Bugüne kadar 3 kez el yazması Kur’an-ı Kerim denemesi olduğunu belirten Civelek, bundan sonra da yazmaya devam edeceğini söyledi.

Boş zamanlarını okumanın yanı sıra yazarak değerlendirmek istediği için cüz halinde 30 ciltlik el yazması Kur’an-ı Kerim ortaya çıktığını anlatan Ata Civelek, “Meraklı olduğum hat sanatından dolayı Kur’an-ı Kerim’i elde yazmak lise yıllarımdan itibaren merakımdı. Hatta o yıllarda deftere 100 sayfa kadarını yazmıştım ancak derslerin yoğunluğu nedeniyle tamamlayamamıştım. Daha sonraki yıllarda tekrar yazdım ancak bu üçüncü denemem daha başarılı bir yazma oldu. Kışın köyde kar altında yapılacak çok fazla bir iş olmadığından sadece namaz vakitleri arasını değerlendirerek yaklaşık 8 ay gibi bir süre içerisinde tamamladım. Ölçü olarak ise hafızlık yaptığım Kur’an-ı Kerim’i ebadında yazdım. Bugüne kadar kurşun kalem kullandığım yazmalarımda bundan sonra da divit kalem ve mürekkeple yazmayı istiyorum” dedi.

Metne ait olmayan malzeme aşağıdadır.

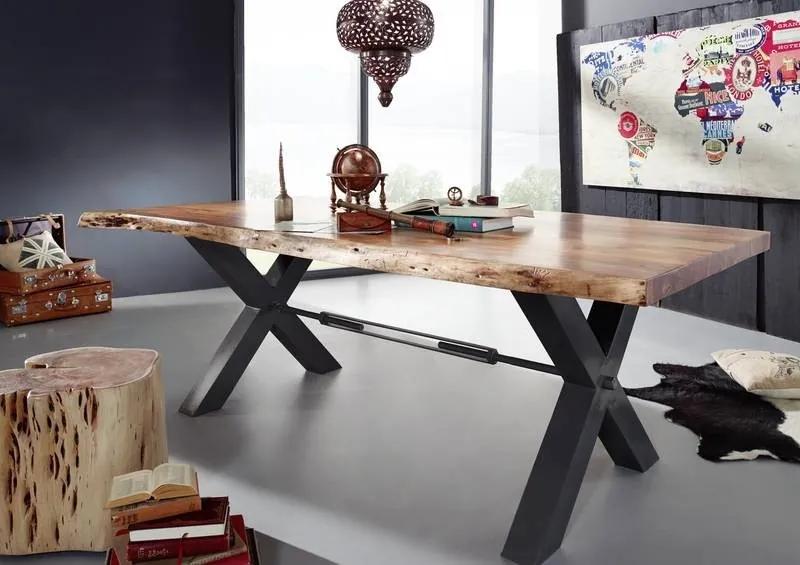 Bighome - DARKNESS Jedálenský stôl 260x110 cm - čierne nohy, tmavovohnedá, akácia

Yazmış olduğu el yazması Kur’an-ı Kerim’in baskısını yapmak istediğini de anlatan Civelek, “Bir istek ve merakla başladığım Kur’an-ı Kerim’i her defasında kendimi daha geliştirerek devam edeceğim. İnşallah el yazmam Diyanet İşleri Başkanlığı Mushafları İnceleme Kurulu’ndan basım onayı alırsa sınırlı sayıda bastırıp cemaatime, çevreme hediye etmeyi düşünüyorum. Çevremde sadece Kur’an-ı Kerim’i okuyan olarak değil, yazan olarak da bir hatıram olsun isterim” diye konuştu.

"Yazmak için sabır ve beceri lazım"
Kur’an-ı Kerim’i yazmanın önemine de dikkat çeken Civelek, “Herkes Kur’an okur ama yazmak başka bir haz duygusu vermektedir. Yazmak için önce sabır ve istek lazım. Bu da yeterli değil elin yatkın olması da çok önemli yanı beceri de gerekmektedir. Bunlarla beraber yazarken çok dikkatli olmak gerekmektedir. Yazdığın Allah kelamı olduğu için asla bir hata kabul etmez. O nedenledir ki herkes okur ama herkes yazamaz diye düşünüyorum. Bu konuda herkes yetenekli ve sabırlı olmayabilir doğaldır diye düşünüyorum” diye konuştu.